I done the test multiple times with the same results, both kits are not expired. However the Salifert I did not buy I got it from a member who is leaving the hobby. The reason I'm concerned about my numbers is that I started dosing 2 part on April 1st. I also started dosing 1100ml of mag spread out 5 days to raise my mag levels since it was at 1140.

45g display + 30g long sump = around 65g total system volume, WC once a month 8g only. Tank is about 3+ years old and 8g WC is all I been doing for the pass 3+ years. I have Kalk in my ATO for about a year now.

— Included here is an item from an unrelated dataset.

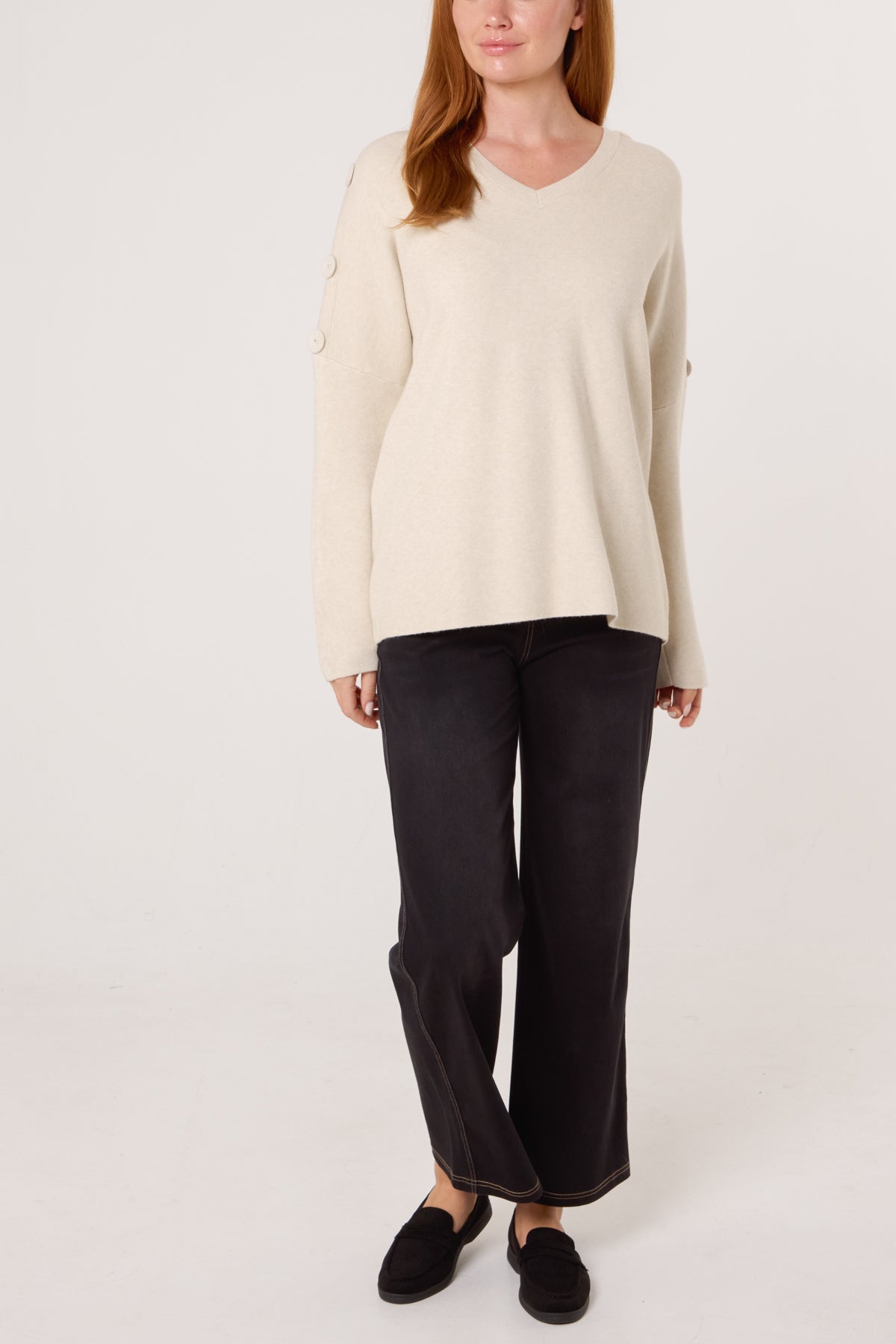 V-Neck Button Sleeve Knit Jumper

Numbers before 2 part dosing

March 31st 2018

PH 8.3 (Ph pen)
ALK - 7 (api)
Cal - 380 (api)
Mag - 1140 (api)

April 1st 2018 after 8 gallon water change before starting 2 part

PH 8.35 (Ph pen)
ALK - 8 (api)
Cal - 360 (api)
Mag - 1140 (api)

April 5th 2018, I started 2 part on the 1st and stopped on the 5th

PH 8.62 (Ph pen), 8.2 (api). Of course PH Pen was calibrated
ALK - 10 (api) , 10.6 (Salifert)
Cal - 460 (api), 375 (Salifert) 
Mag - 1380 (Salifert), All 1100ml of mag was finised dosing on the 5th

Because the cal and alk is so high I have stopped dosing completely. I still have kalk in my ato but thats it. I was dosing 40ml of each per day until the 5th. I'm going to let the alk and Cal drop to a safer level and start dosing again maybe this time 10-20ml of each. But which Calcium number should I trust so I can adjust? All fish and corals are fine to my eyes, I even feel that the polyp extension on my sps is more since I started dosing.


----------